Scraped caption text data
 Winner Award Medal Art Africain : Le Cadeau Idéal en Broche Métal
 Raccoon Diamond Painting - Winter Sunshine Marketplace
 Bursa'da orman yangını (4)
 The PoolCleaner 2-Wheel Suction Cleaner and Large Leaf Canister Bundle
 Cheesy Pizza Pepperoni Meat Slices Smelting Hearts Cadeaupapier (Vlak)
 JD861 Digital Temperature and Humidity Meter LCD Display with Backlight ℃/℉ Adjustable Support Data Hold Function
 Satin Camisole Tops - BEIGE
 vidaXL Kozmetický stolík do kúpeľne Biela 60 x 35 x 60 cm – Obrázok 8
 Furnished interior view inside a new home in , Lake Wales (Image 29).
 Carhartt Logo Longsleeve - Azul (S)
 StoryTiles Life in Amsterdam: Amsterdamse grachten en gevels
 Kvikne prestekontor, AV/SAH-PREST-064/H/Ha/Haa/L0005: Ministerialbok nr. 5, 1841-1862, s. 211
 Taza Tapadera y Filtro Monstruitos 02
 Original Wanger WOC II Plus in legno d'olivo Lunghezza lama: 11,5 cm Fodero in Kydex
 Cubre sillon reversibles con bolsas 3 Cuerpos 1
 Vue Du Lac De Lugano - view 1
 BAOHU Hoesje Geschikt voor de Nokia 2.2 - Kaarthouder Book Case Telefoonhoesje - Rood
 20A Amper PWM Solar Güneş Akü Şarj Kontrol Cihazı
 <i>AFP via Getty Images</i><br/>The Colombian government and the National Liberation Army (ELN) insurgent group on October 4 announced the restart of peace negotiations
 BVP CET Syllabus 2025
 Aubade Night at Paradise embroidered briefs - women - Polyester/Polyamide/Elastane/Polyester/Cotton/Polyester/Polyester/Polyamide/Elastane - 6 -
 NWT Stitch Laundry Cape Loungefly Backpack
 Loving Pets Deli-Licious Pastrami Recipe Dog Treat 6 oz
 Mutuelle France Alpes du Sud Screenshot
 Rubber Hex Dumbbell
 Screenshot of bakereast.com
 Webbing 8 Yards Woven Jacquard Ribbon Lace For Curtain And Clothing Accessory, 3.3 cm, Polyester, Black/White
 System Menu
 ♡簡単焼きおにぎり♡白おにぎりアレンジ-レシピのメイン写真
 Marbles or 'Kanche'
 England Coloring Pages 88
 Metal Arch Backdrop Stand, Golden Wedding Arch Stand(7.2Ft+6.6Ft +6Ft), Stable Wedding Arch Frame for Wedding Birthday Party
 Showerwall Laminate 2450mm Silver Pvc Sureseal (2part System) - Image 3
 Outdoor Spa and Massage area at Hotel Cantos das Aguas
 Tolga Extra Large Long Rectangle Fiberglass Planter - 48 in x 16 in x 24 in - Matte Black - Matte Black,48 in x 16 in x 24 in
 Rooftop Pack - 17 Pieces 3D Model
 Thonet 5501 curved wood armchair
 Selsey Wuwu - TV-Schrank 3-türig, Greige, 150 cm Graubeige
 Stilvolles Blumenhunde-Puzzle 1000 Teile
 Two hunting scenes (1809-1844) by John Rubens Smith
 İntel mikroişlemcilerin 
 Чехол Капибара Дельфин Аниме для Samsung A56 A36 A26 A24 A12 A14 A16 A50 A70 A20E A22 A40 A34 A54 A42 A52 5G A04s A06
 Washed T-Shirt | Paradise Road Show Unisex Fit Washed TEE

> EXERCISE AIM: What is asked for is an exact copy of the lines above from the one containing "Cheesy Pizza Pepperoni" through the one containing "BAOHU Hoesje Geschikt", and only those.

> ANSWER AREA:
 Cheesy Pizza Pepperoni Meat Slices Smelting Hearts Cadeaupapier (Vlak)
 JD861 Digital Temperature and Humidity Meter LCD Display with Backlight ℃/℉ Adjustable Support Data Hold Function
 Satin Camisole Tops - BEIGE
 vidaXL Kozmetický stolík do kúpeľne Biela 60 x 35 x 60 cm – Obrázok 8
 Furnished interior view inside a new home in , Lake Wales (Image 29).
 Carhartt Logo Longsleeve - Azul (S)
 StoryTiles Life in Amsterdam: Amsterdamse grachten en gevels
 Kvikne prestekontor, AV/SAH-PREST-064/H/Ha/Haa/L0005: Ministerialbok nr. 5, 1841-1862, s. 211
 Taza Tapadera y Filtro Monstruitos 02
 Original Wanger WOC II Plus in legno d'olivo Lunghezza lama: 11,5 cm Fodero in Kydex
 Cubre sillon reversibles con bolsas 3 Cuerpos 1
 Vue Du Lac De Lugano - view 1
 BAOHU Hoesje Geschikt voor de Nokia 2.2 - Kaarthouder Book Case Telefoonhoesje - Rood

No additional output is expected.